“What Guides Are Trained To Do”

Sermon Delivered By Rev. Dick Stetler – March 11, 2018

Centenary United Methodist Church

Ephesians 2:1-10; John 3:14-21

    This morning we are going to consider a text that I repeat every time while serving communion. 

For God so loved the world that he gave us his only begotten son, that whosoever believeth in him should not perish but have everlasting life. For God sent his son into the world not to condemn the world, but that through him, the world might be saved.  (John 3:16f)

    When the Scriptures were being gathered by Church authorities, there were doubts about the continued existence of our world. One school of thought was that the world was going to end within the lifetime of the writers.  There is even a Scripture that attributed such an understanding to Jesus.  He said, I assure you that there are some of you that will not die until you see the Son of Man come as King.  (Matthew 16:28)

    This quote may have been one of those sayings that Jesus never said.  Either that, or he said it because he actually believed that the end of time was close at hand.  This quote from Jesus ties into such a thought described in Mark's Gospel.  Jesus was clearly indicating that the end of the world was near.  

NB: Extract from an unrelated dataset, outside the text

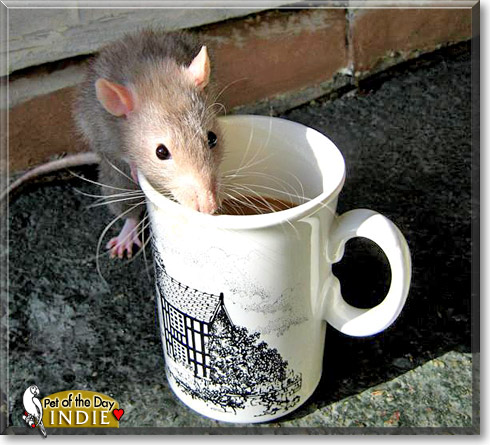 Indiana Jones, the Pet of the Day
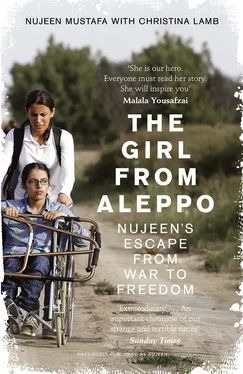 Christina Lamb The Girl From Aleppo: Nujeen’s Escape From War to Freedom обложка книги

    Jesus taught that in the latter days, before the end of time, there will be many false messiahs. Following those days, the sun will grow dark, the moon will no longer shine, the stars will fall from heaven, and the planets will be driven from their courses. Then the Son of Man will appear, coming in the clouds with great power and glory.  He will send his angels out to the four corners of the world to gather God's chosen people. (Mark 13:22-27)

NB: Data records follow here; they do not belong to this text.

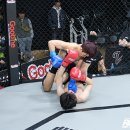 세계챔피언짐 이미지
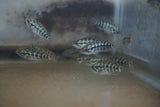 Jaguar Cichlid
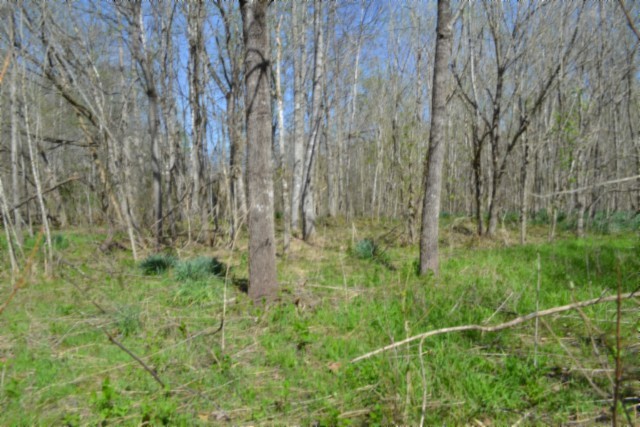 0 Boles Road Property Photo 46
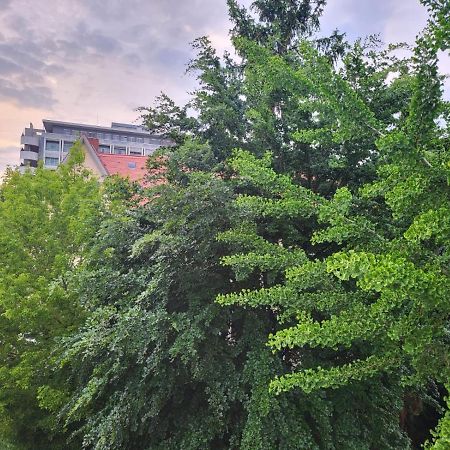 Privatzimmer An Der Uniklinik Magonza Esterno foto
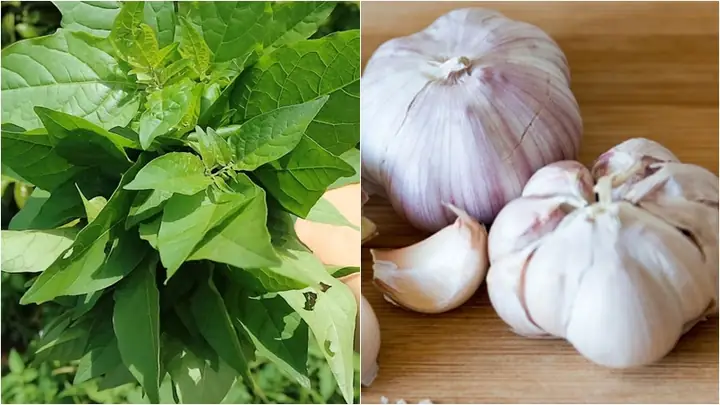Rau Tầm Bóp Nấu Món Gì: 7 Công Thức Ngon, Dễ Làm Cho Bữa Ăn Gia Đình Rau Tầm Bóp Nấu Món Gì: 7 Công Thức Ngon, Dễ Làm Cho Bữa Ăn Gia Đình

    This story-line could be found in numerous sources of apocalyptic literature that were circulating during the time of Jesus.  Many Jews believed that the world was so evil that God was going to bring down the curtain on the drama of humankind even though there had been a time when God called everything Good and pleasing to him.  (Genesis 1:31) 

    Fear drives people to develop many ideas that have no basis in what is real, particularly thoughts that have evolved over time about God's nature and the nature of humanity.  Fear seldom leads anyone correctly.

    What we have to recognize is that life was defined by what was happening in the lives of the Jews within a five hundred mile radius of where they lived. Their understanding of humankind was extremely limited.   They knew nothing about the Chinese to the east nor the Mayan, Aztecs, and Inca nations to the west.  

    If all the life forms on earth come to an end, it will not be the result from any act of God, but from the desire of people who cannot tolerate diversity.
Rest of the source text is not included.